“Cassoulet has such a religion around it because it’s the plat de partage — the dish of sharing. When a cassoulet arrives at the table, bubbling with aromas, something magical happens — it’s Communion around a dish.”
– Philippe Puel, Chef, Le Cantou
New York City – Back in Manhattan for a few days after my Dallas escapades and it’s cold. I have a tendency to forget how cold it can get here, and at the same time, I know it’s not nearly as cold as it often might be at this time of year. Still, not what I’m used to anymore after nearly three years living in BsAs. A perfect welcome to the city seemed like a night out for a large, bubbling casserole of cassoulet, and where better in this city than the long time outpost of southwestern French cuisine, Gascogne, 158 8th Avenue in Chelsea. This place ranks high amongst those that over my two plus decades in New York I returned to time and again – at least a couple of times every winter for the cassoulet, and often at other times of the year for simple, rustic fare from the region.

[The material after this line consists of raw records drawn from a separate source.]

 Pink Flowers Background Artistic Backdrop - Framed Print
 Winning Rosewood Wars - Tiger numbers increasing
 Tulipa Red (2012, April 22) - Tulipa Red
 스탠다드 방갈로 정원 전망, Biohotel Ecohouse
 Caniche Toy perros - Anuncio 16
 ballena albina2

I even celebrated, as I recall, my 35th birthday there with a dozen or more friends – we took over their garden in the rear and had a great evening. [Closed]

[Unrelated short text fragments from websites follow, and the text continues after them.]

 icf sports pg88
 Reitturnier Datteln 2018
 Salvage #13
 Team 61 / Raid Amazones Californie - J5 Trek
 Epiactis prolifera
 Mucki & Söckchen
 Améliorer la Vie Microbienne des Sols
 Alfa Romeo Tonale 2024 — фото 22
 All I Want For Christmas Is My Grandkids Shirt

We’d decided to go all out on a welcome back feast, and started off with a platter of fresh blue point oysters on the half shell, and then on to a couple of appetizers – a large slab of foie gras poached in armagnac and served up with glazed pears, and this assiette d’anatra
, a dish that was, unfortunately, better in description than execution – thin slices of duck prosciutto that were the only really good part of the dish, interwoven with slices of undercooked potato (we asked if they could possibly just throw it under the broiler for a minute or so to finish cooking the spuds, they were just that short of done, and the kitchen declined, claiming they would turn to mush, so we simply left them on the plate – not a good service move on their part, but…), and in the center some shredded, braised duck meat that was a bit too dried out, though tasty. Ah well, the foie and the oysters put smiles on our faces.

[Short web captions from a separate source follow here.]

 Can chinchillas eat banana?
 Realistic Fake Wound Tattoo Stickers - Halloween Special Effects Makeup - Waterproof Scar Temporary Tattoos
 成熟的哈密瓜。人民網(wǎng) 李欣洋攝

And besides, we knew the cassoulets were enroute, and shortly thereafter two hefty, bubbling pots of beans, tomato, two or three kinds of sausage, duck confit, and all sorts of good herbs and spices arrived on the table. We dug in and ate, and ate, until finally giving up, the pots just seeming to have no bottom to them. Gascogne serves up cassoulet as it ought to be, with no frills, no creative touches, no fancy presentations – as Julia Child once put it, “that best of bean feasts, is everyday fare for a peasant but ambrosia for a gastronome…”.